Rabbimiz Kur’an-ı Kerim’de Miraç hadisesine şöyle işaret eder:
“Kulu Muhammed’i, kendisine bazı ayetlerimizi göstermek için bir gece Mescid-i Haram’dan çevresini mübarek kıldığımız Mescid-i Aksa’ya yürüyüp götüren Allah, her türlü noksandan münezzehtir. Şüphesiz O, hakkıyla işiten, hakkıyla görendir.” (İsra Suresi, 17:1).
Bu ayette, Miraç’ın ilk durağı olan Mescid-i Aksa’nın önemine ve çevresinin mübarek kılındığına dikkat çekilir. Allah, sevgili Peygamberini bir gece yolculuğuna çıkararak hem ona hem de ümmetine büyük hikmetler sunmuştur. 

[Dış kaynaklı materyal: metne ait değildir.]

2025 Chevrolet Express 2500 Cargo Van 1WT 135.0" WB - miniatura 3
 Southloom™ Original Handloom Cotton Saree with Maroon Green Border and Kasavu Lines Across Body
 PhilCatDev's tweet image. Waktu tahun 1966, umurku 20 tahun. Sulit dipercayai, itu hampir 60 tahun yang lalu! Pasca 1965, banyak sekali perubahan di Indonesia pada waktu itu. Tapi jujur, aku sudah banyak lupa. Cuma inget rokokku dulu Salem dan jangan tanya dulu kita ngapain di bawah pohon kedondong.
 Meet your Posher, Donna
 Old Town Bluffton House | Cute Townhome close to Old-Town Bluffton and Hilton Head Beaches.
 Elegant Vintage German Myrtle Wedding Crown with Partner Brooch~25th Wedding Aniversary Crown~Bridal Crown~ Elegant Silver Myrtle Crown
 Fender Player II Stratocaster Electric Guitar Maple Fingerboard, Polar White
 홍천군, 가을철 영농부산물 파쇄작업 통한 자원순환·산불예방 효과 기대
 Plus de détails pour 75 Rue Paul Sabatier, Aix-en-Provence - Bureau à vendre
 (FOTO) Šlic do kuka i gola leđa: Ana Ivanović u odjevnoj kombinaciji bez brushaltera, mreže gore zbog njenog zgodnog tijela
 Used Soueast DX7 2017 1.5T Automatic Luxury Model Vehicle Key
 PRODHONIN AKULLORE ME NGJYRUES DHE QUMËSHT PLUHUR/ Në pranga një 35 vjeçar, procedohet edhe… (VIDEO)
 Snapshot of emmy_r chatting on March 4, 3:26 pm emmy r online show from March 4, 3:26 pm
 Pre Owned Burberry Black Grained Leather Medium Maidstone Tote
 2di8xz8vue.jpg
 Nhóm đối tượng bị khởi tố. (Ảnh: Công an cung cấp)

Miraç, bu kutlu yolculuk iki aşamadan oluşmaktadır: Mescid-i Haram’dan Mescid-i Aksa’ya Gece Yolculuğu (İsra): Mescid-i Aksa’dan Semaya Yükselişi (Miraç): Miraç’ta Verilen Üç Büyük Müjde: Beş Vakit Namazın Farz Kılınması, Bakara Suresi’nin Son Ayetleri, Şirk Koşmadan Ölen Müslümanların Cennete Gireceği Müjdesi.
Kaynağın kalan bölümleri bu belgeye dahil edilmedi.